What is being asked: Start at the line holding "LOUIS VUITTON Epi Speedy 30 Red Handbag". Write out that line and each one after it to the end of the data, unchanged.
++++++++
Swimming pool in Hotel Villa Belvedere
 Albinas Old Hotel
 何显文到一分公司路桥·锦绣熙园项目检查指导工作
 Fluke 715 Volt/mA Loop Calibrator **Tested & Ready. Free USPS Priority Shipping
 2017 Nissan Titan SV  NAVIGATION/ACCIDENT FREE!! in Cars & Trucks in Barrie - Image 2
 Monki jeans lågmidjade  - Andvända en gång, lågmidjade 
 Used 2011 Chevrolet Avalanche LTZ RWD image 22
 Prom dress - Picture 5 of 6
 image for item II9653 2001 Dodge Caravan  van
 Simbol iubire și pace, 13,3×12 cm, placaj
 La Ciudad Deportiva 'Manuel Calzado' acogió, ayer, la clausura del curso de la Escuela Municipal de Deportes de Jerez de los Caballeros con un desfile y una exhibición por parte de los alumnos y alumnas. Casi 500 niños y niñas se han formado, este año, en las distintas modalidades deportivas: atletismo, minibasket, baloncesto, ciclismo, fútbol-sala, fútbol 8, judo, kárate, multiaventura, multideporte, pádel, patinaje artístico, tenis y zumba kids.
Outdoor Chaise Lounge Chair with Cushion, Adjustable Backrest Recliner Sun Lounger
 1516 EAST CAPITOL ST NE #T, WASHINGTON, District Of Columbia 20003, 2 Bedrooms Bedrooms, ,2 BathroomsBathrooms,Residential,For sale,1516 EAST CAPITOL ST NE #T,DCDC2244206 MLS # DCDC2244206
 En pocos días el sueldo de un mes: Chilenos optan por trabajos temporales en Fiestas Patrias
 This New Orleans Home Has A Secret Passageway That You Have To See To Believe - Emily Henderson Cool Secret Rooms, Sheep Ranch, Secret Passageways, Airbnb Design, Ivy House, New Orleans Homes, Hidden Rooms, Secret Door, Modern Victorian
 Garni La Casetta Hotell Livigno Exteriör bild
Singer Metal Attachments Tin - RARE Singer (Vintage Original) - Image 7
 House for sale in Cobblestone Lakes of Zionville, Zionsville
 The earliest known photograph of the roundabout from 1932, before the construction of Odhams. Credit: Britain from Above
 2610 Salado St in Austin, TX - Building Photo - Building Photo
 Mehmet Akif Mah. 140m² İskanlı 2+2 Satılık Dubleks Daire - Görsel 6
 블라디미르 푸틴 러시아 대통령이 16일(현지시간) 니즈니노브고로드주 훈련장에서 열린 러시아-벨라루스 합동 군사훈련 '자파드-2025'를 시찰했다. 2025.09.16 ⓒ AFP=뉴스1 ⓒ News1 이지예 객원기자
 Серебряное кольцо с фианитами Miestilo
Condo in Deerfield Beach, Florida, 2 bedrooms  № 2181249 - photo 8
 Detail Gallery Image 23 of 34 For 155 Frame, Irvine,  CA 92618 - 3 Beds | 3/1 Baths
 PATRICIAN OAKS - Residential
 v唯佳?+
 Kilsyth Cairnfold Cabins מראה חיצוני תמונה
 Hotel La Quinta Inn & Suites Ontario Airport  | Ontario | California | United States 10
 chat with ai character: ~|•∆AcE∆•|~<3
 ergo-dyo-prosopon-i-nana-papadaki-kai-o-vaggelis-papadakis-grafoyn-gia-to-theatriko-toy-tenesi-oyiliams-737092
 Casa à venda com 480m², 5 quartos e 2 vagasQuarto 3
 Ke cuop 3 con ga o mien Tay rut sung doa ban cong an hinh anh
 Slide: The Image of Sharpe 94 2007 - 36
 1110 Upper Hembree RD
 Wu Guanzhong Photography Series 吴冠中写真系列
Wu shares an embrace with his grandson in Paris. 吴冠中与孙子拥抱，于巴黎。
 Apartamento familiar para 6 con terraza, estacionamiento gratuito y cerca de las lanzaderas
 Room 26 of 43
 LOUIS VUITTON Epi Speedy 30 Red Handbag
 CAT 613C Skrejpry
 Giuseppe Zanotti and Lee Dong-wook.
++++++++
Response to the exercise:
 LOUIS VUITTON Epi Speedy 30 Red Handbag
 CAT 613C Skrejpry
 Giuseppe Zanotti and Lee Dong-wook.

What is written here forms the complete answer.